Estimating multi-depth daily soil moisture at 10 m resolution using SMAP SSM and Sentinel-1/2 data based on random forest regression algorithm

Soil moisture (SM) is a critical variable within the hydrological cycle, closely linked to weather patterns and climate change. However, the limited availability of high-resolution SM datasets, constrained by the resolution of satellite sensors, poses significant challenges for field-scale research, which is essential for agricultural management and precision irrigation planning. This study addresses this limitation by estimating daily SM across surface (0-5 cm), active rootzone (0-30 cm), and unsaturated zone (0-120 cm) depth at a spatial resolution of 10 m. A random forest (RF) regression model was developed using in-situ SM measurements as the training dataset. The predictor variables included meteorological parameters, topographic features, soil texture properties, Sentinel-1 synthetic aperture radar (SAR) signals, groundwater depth, and vegetation indices derived from Sentinel-2 imagery.
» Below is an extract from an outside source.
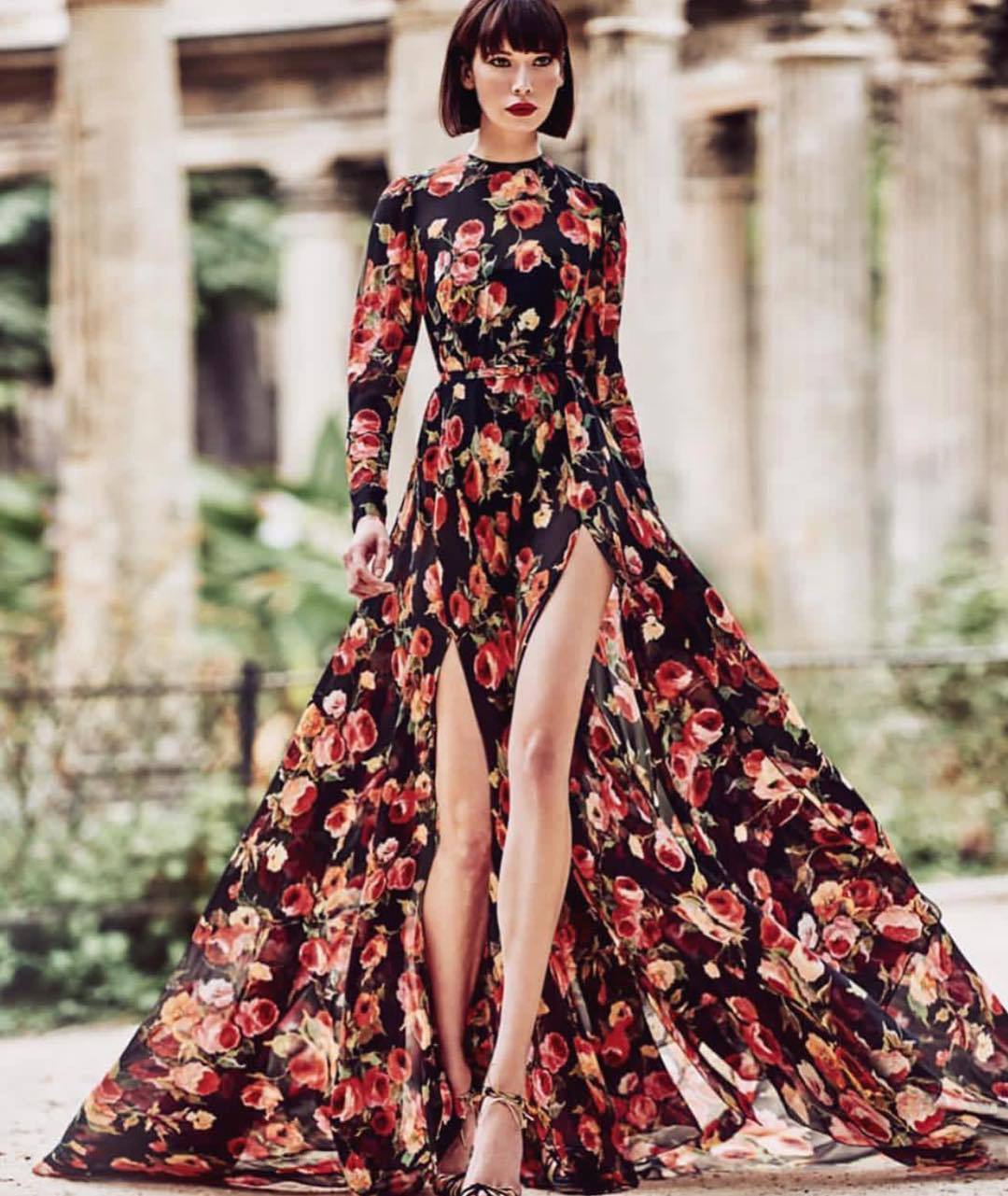 Women Clothing Print Large Swing Dress Slit Fashionable Maxi Dress Beach Dress by Ragazza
Model predictions were validated in the Twente and Raam regions of the Netherlands over a one-year period (2023-05-18 to 2024-05-18), using independent observations from six in-situ SM stations that were excluded from both the training and testing phases. The results indicated strong model performance, with unbiased root mean square error (ubRMSE) values ranging from 0.03 to 0.08 cm³/cm³ and Pearson correlation coefficients (R) from 0.71 to 0.90. Comparisons with the European Space Agency Climate Change Initiative (ESA CCI) SM product further corroborated the model’s accuracy. While the model effectively captured daily SM dynamics, particularly during winter months, some discrepancies, such as over- or under-estimations, were noted during the summer. These high-resolution SM estimates provide valuable insights for precision agriculture and hydrological research, enhancing decision-making processes in these fields.